Recently, my brother found time to rekindle his interest in the Wan family ancestry beyond our parents, based on some very old pictures and images of calligraphy which had decked the walls of the family home for a long time but which had gone unnoticed. Our parents, in particular our mother, had left some manuscripts about their very early lives, of which I had kept copies. My brother thought that the manuscripts might help his research and asked me to dig them out, which I did, with some difficulties. Naturally, I took time to read what I found or rediscovered; and in the process, the thought of writing my own memoire crept up, not for the first time though.
People write memoires all the time and many of the rich and famous would hire others to pen their biographies. Inevitably, such writings mostly talk about what they have done or said right, on what occasions and to whom. They also provide fertile grounds to discuss their arch enemies, thus offering opportunities to heal past wounds or open up old ones; and occasionally but not infrequently, new materials for redressing past wrongs and for re-writing history. Alas, history is for the victors. Some losers try very hard to re-write history, resulting in further history in the making.
If I write my own autobiography, what should I put in, where do I begin and how should I start? More relevantly, why should I write one at all, and who would be the readers? Once again, people write because they have something to say that they would like to leave for posterity; or more likely, when they have a special angle they would like to play up, one that is unique and hopefully, interesting, at least to a certain sector of readers.

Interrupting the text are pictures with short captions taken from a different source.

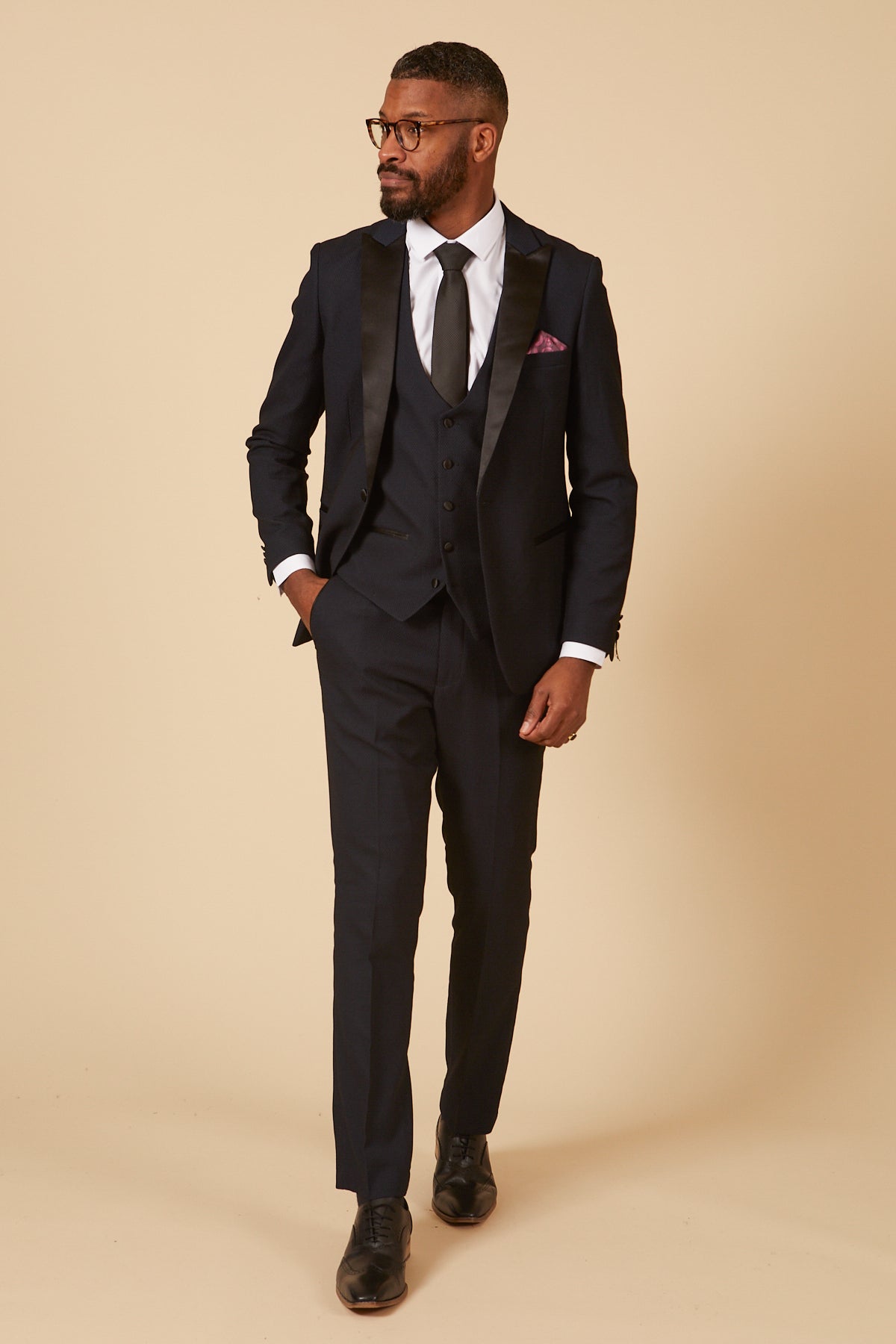 A man wearing the marcdarcy DALTON Navy Tux Lapel Diamond Three Piece Suit with black satin lapels, white shirt, black tie, matching vest, slim fit, black shoes, and a purple pocket square stands against a beige background.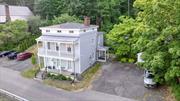 Step into the charm and versatility of this historic gem, now transformed into a commercial multi-purpose haven. Nestled atop a serene hill overlooking the Rondout Creek, this stately building boasts a fusion of elegance and functionality. Upon entry, be greeted by an abundance of natural light streaming through the large windows, creating an inviting atmosphere throughout. The ambiance is further enhanced by the warmth of gas-insert fireplaces, adding a touch of coziness to the space. Formerly owner-occupied by an accounting firm, this property has been meticulously renovated to accommodate a myriad of potential uses. The lower floor is currently rented out, providing a steady income stream, while the second floor awaits its next venture. With a partially finished third floor offering ample storage space, the possibilities are boundless. Enjoy the convenience of a full bath, two half baths, and a kitchenette, catering to the needs of diverse businesses or tenants. Embrace the outdoor serenity on the front porch or second-floor balcony, both offering views of the bustling Rondout Creek and the historic train bridge, creating an idyllic setting for relaxation or inspiration. With commercial zoning in place, the flexibility of this property knows no bounds. Whether it&rsquo;s reverting back to its residential roots, establishing a live-work environment, or cultivating a creative studio space, the potential is limited only by your imagination. Seize this opportunity to own a piece of history and embark on a journey of endless possibilities in the heart of this vibrant community. Don&rsquo;t miss your chance to make this extraordinary property your own. Additional Information: HeatingFuel:Oil Above Ground, ParkingFeatures:1 Car Detached,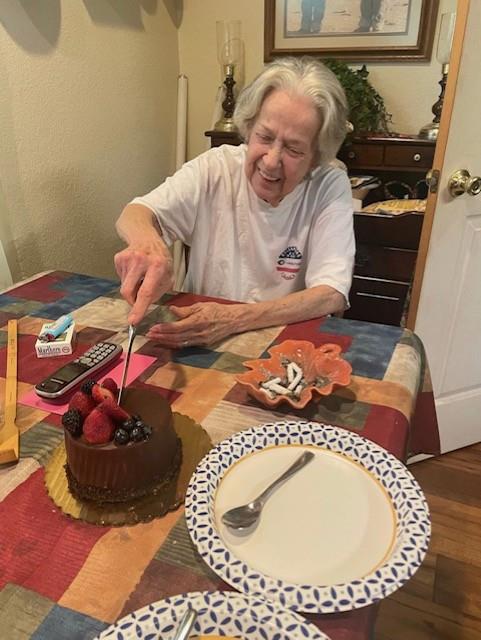 An elderly woman sits at a table and cuts a cake while family members celebrate together.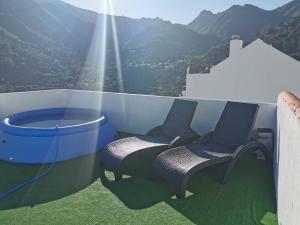2 stoelen en een bad op een balkon met bergen bij Habitación junto el mar y la naturaleza in Ojén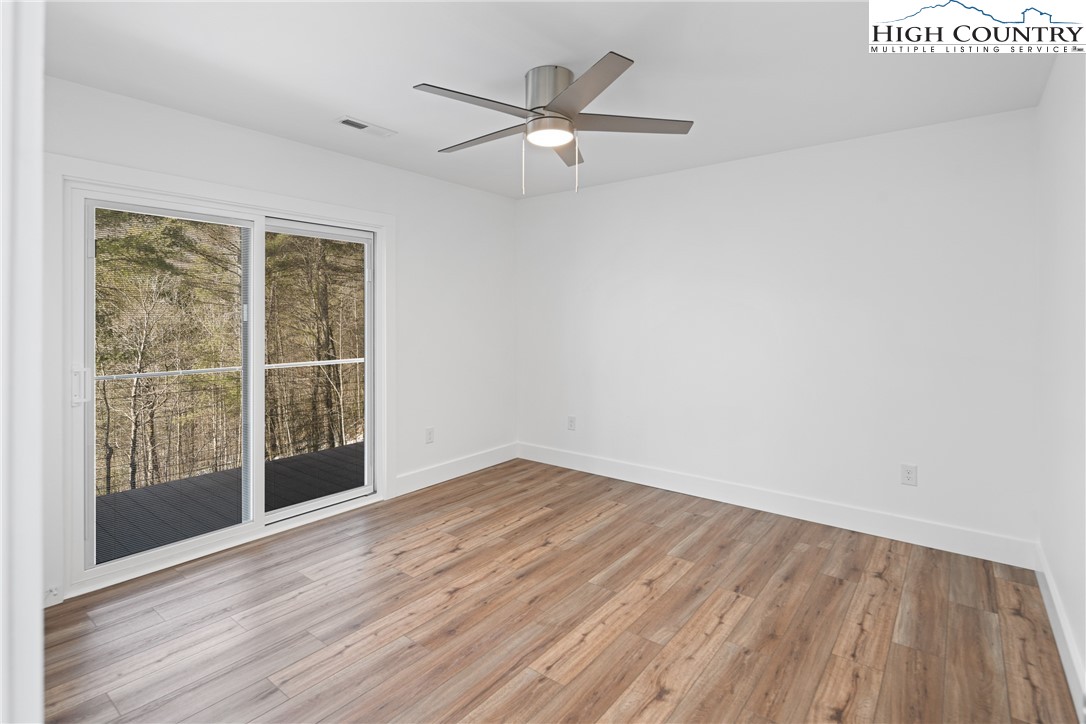 114 Woodpecker Road Purlear, NC 28665 - Photo 16 of 47 wooden floor in an empty room with a window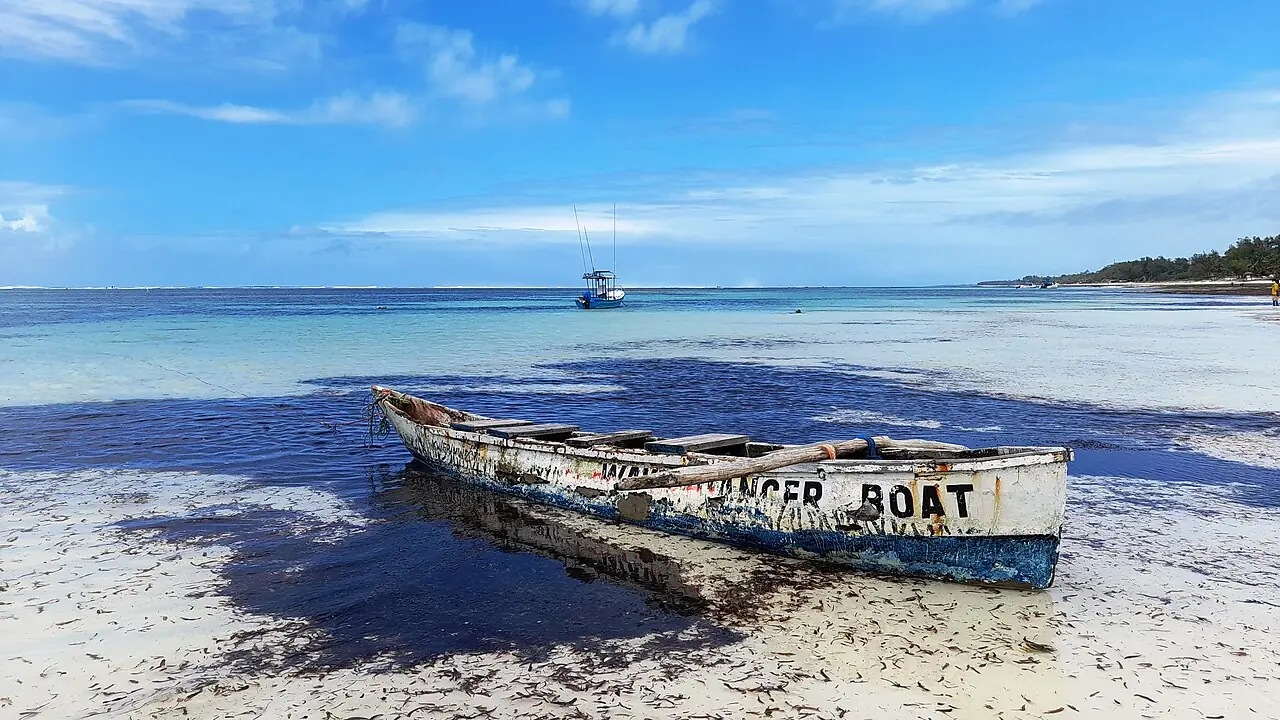 A boat beside the shore at Diani Beach, Kenya.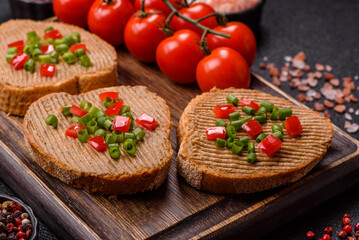 Vegan sandwiches with bread, mushroom or bean pate and vegetables. Vegetarian pate sandwiches
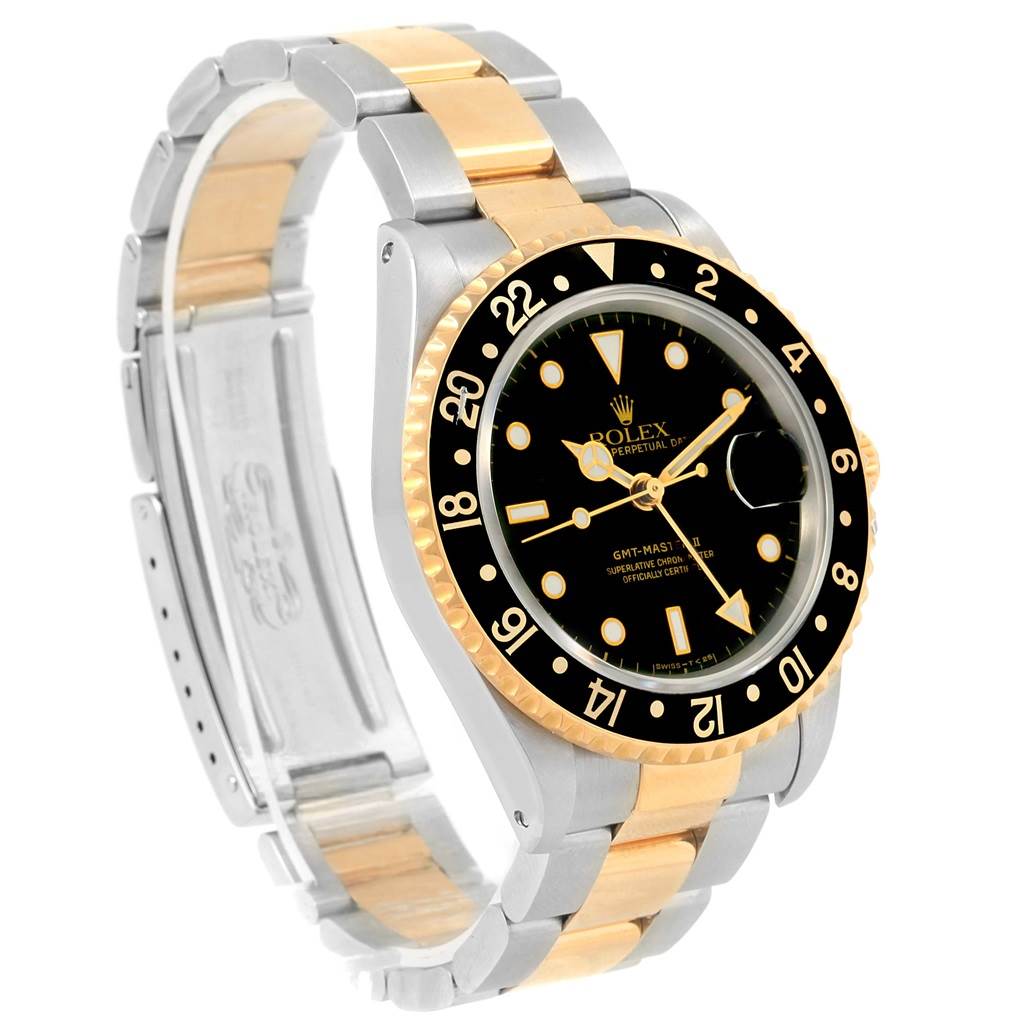 The image shows a Rolex GMT-Master 16713 Men
s Stainless Steel Black Dial 16713 Men
s Stainless Steel Black Dial watch at an angled side view, highlighting the two-tone bracelet, bezel, and dial.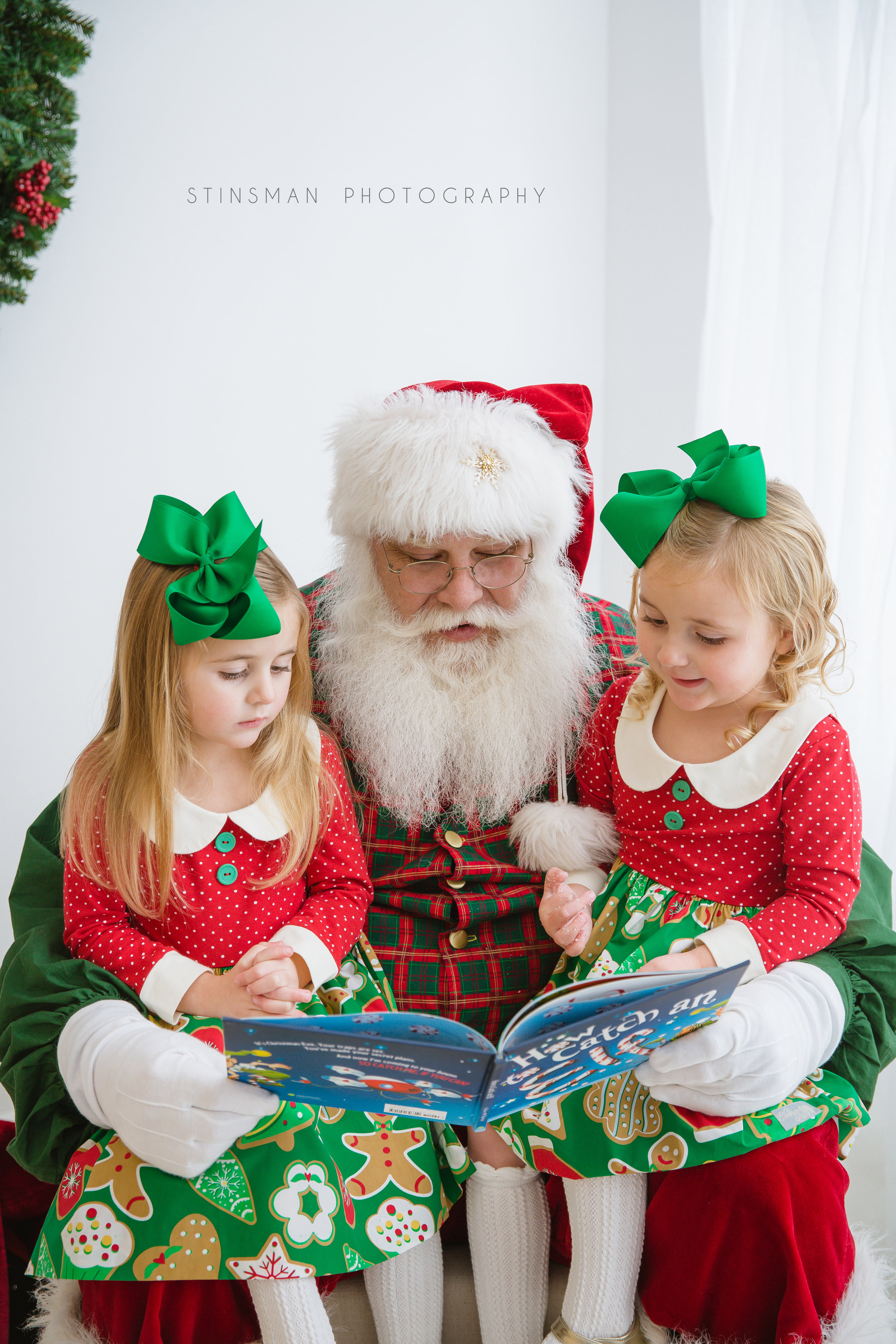 twin girls reading with Santa about how to catch an elf in burlington nj photo studio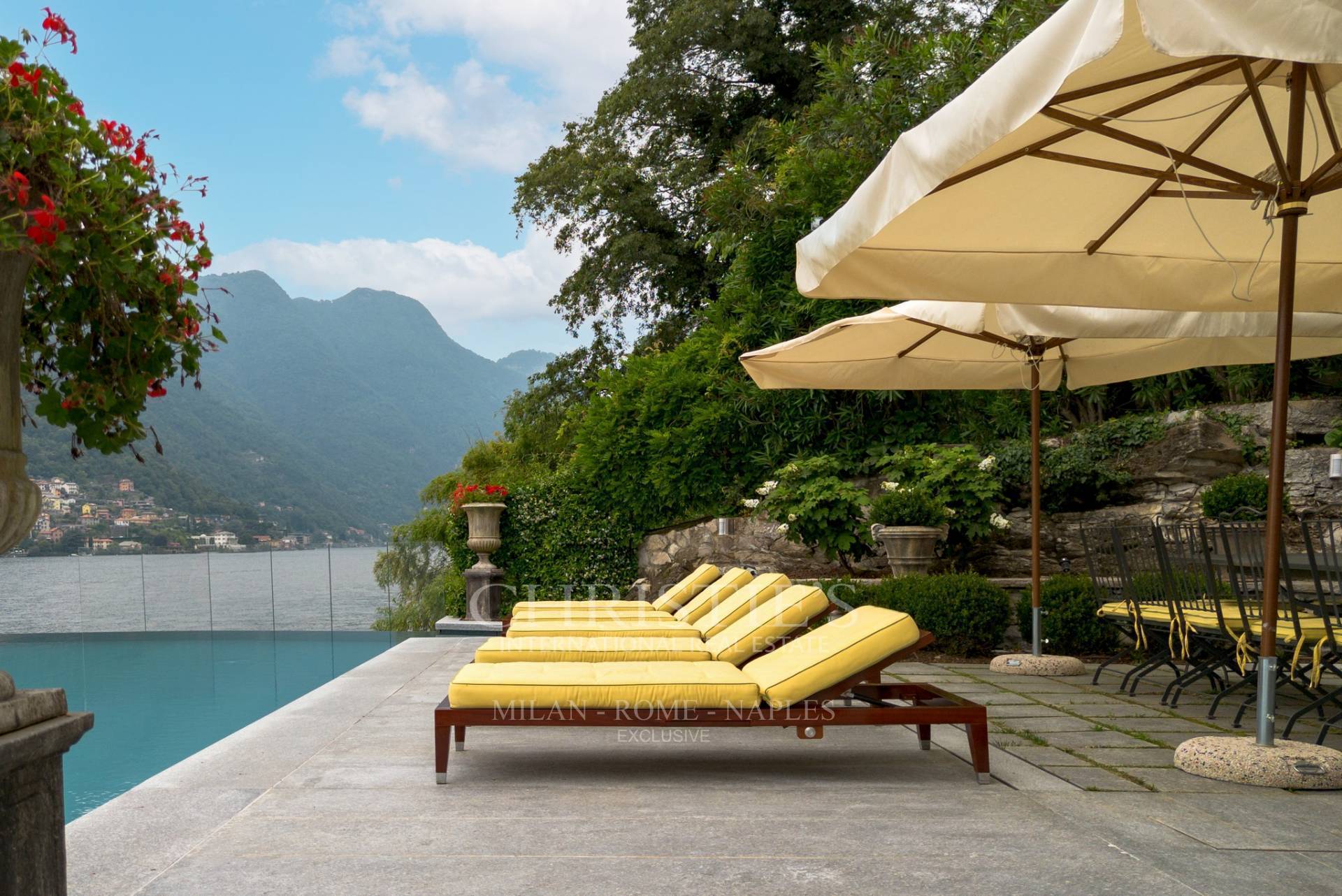 picture of Prestigious Pied-dans-l'eau Villa On Lake Como With Infinity Pool, Dock And Private Boat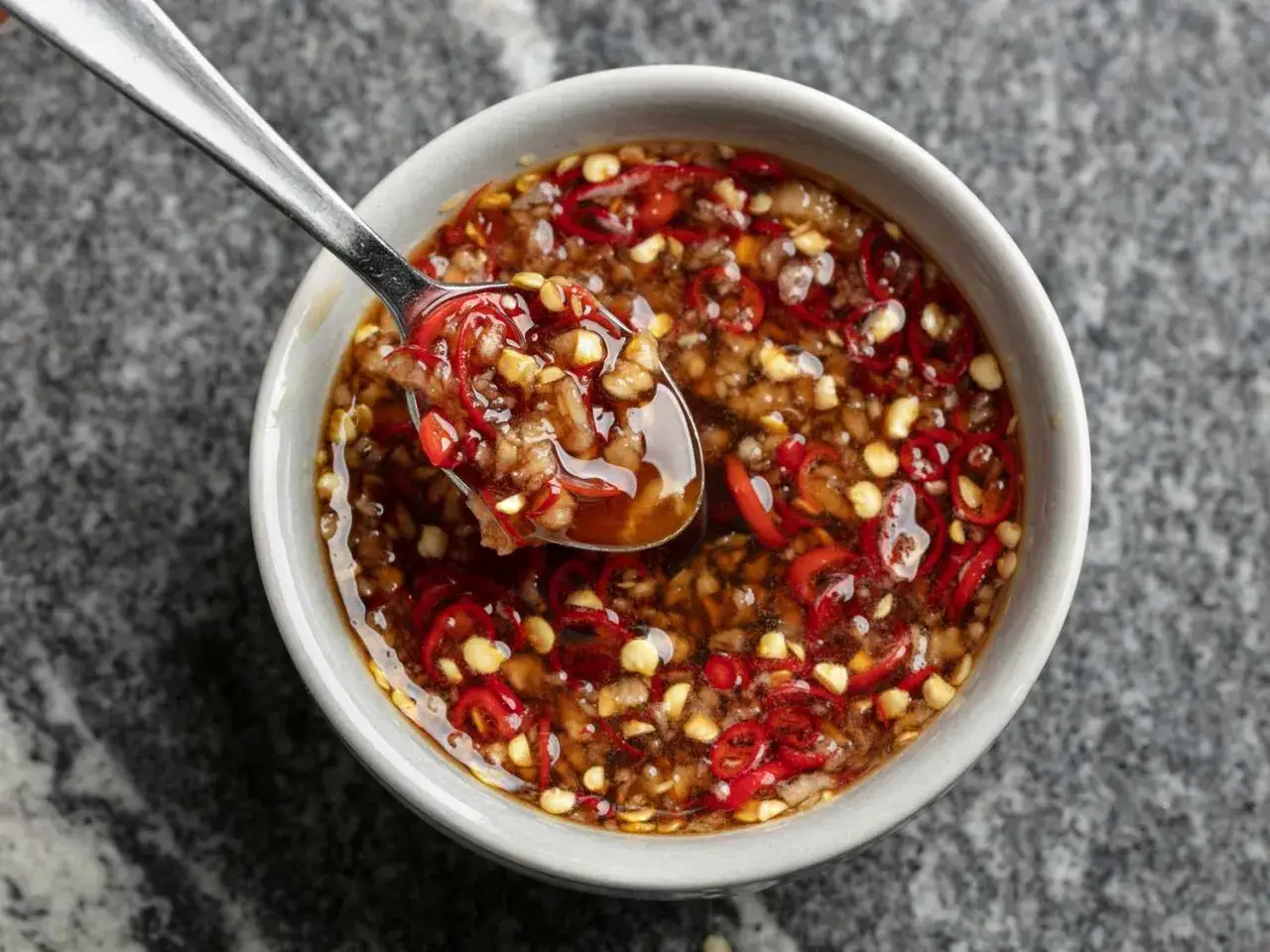 En sked lyfts ur en sk&aring;l med en smakrik sweet chili s&aring;s, full av finhackad chili och vitl&ouml;k.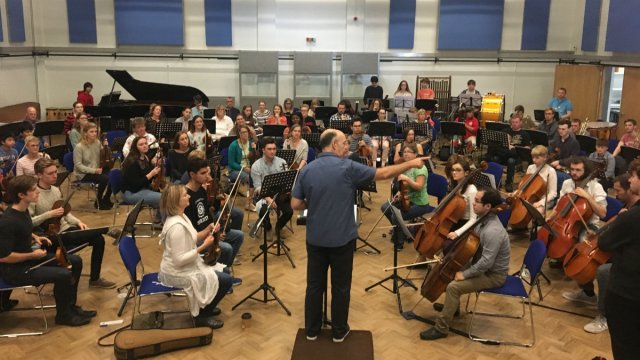 Richard Keable gives some last minute direction to the orchestra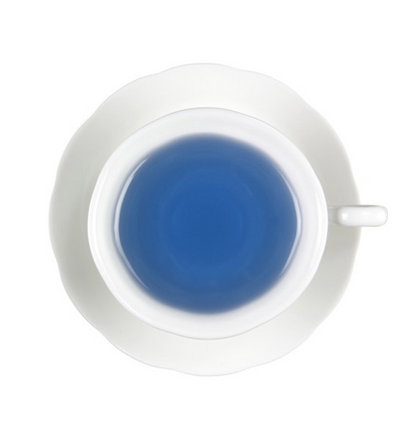 White ceramic teacup with blue liquid hot tea on a white background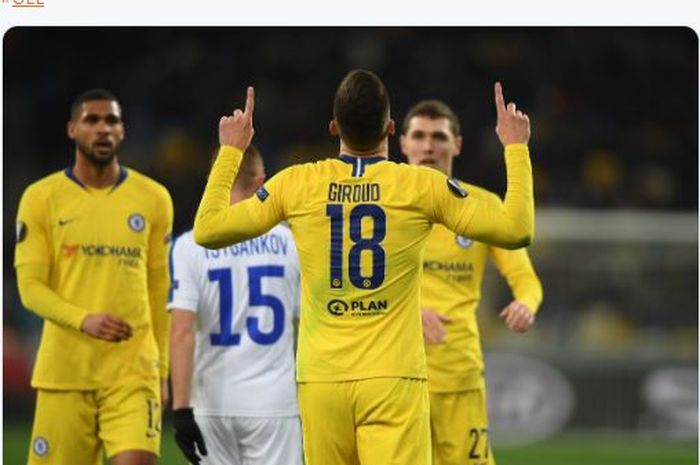 Striker Chelsea, Olivier Giroud, merayakan gol yang dicetak ke gawang Dynamo Kyiv dalam laga leg kedua babak 16 besar Liga Europa di Stadion NSK Olimpiyskyi, Kamis (14/3/2019).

But I have already said that people are not reading that much now. They would spend more time on their cell phone or iPad with which they would discover new or long lost friends. I met a lawyer at lunch today who carelessly brought up the name of a friend whom I haven’t met for over 35 years and whom she said is now living in Toronto. On further questioning and verification, it was indeed the very friend with whom I lost contact for that long. Immediately, we had our pictures taken, to be forwarded to this friend with a view to being reconnected if she so desires. Such is how technology can potentially regulate and control our lives, but notice, only if we want to be so regulated and controlled. More often than not, we have fallen into habits, created by social norms and behaviors, of acting like automatons, taking pictures after a course arrives and before the food would be tasted, uploading selfies of all new made friends without seeking permission from others also caught in the frame, or passing information on almost anything to everyone without first checking for authenticity or usefulness of the contents.
Back to the questions on my autobiography, if I begin to write, I would first clarify my date and place of birth, not that I believe anyone would be interested. In the early days, I always thought that I was born in Hong Kong because that was the only place I knew in the world. And for many years, I have lived by a different year of birth assuming that I was born in the Year of the Mouse rather than a born Pig. I also lived under a different zodiac sign of the horoscope for many years, being so convinced that I was born under the sign of Aries that I had collected a lot of the characteristics under the sign and learnt to like the features of a typical Arian, good and bad, and worst, tried to live like one. When I found out that my birth sign is actually Taurus, I gave up my interest in the horoscopes.
Then I would probably write on my ancestry, which is why I am interested in the research that my brother is working on. Apparently, our father was related to an uncle who is a high scholar with an imperial appointment in the Qing Dynasty who was sufficiently senior to carry the Last Emperor Puyi during Enthronement. This Grand Uncle had an appointment in the Chinese Department of the Faculty of Arts in HKU. He later resigned because of ill health and died in 1940. My parents met in Hong Kong in 1941 just before the War and I was born in Canton.
On that ancient note, I wish you all well and a Happy and Prosperous Year of the Monkey in advance; and I hope to talk to you again soon, probably from Whistler.